Earlier, New Zealand's largest business affirmed normalised earnings per share guidance of 25-30 cents, implying earnings of $403 million to $484 million, but indicated it's likely to be at or slightly below this range, and anticipates no dividends beyond the 10 cents per share interim payment made in April.
Fonterra also trimmed its 2017/18 forecast farmgate milk price to $6.70 per kilogram of milk solids from $6.75/kgMS. It made no mention of the forecast for the current season but ASB Senior rural economist Nathan Penny said "unfortunately for farmers, a second forecast cut is likely to follow later this month." He expects Fonterra to cut its $7.00/kgMS 2018/19 forecast to near ASB's forecast of $6.50/kgMS.
The world's biggest dairy exporter cited a 105 million euros settlement with Danone and a $405 million impairment charge on Beingmate for needing to strengthen the balance sheet, and noted skinnier margins from its global ingredients and consumer and foodservice businesses.
S&P said today's announcement indicates the group "is willing to actively manage debt levels." It also said that its "stable outlook reflects our view that Fonterra's operating environment remains fundamentally sound and that more consistent milk prices should naturally stabilise the group's credit metrics."
However, it does expect Fonterra's debt to earnings before interest, taxes, depreciation and amortisation will be "materially outside our downward threshold of 4 times for fiscal 2018" and said the rating will come under immediate downward rating pressure "unless we believe the group's credit metrics will rapidly improve over fiscal 2019."
Duncan Coull, chairman of the Fonterra Shareholders’ Council, said he can "understand the board’s rationale and that it is prudent to protect the balance sheet, but the fact that we find ourselves in this situation is unacceptable."

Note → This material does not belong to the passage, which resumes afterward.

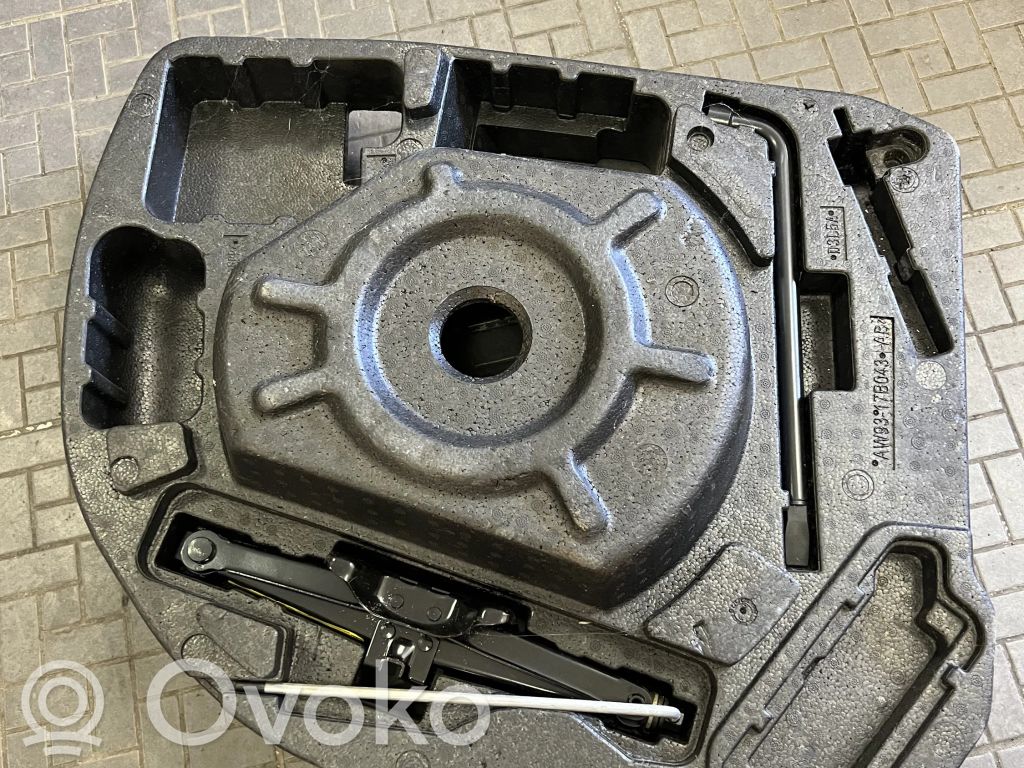 Jaguar XJ X351 Set di attrezzi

According to Coull, the council "acknowledges that part of governance is managing risk, another key responsibility is to create long term value for shareholders. Given today’s announcement the question is ‘how effectively is this being done?’," he said.
Meanwhile, Fonterra Shareholders' Fund units, which gives outside investors exposure to Fonterra Cooperative Group, fell as the announcement added to scepticism about the efficacy of the cooperative's structure.
The units dropped 2.4 percent to $4.99, adding to a 20 percent slide so far this year, and fell as low as $4.95, a level not seen since September 2015 when Fonterra was hit by a slump in global dairy prices and offered interest-free loans to its farmer shareholders to tide them through the downturn.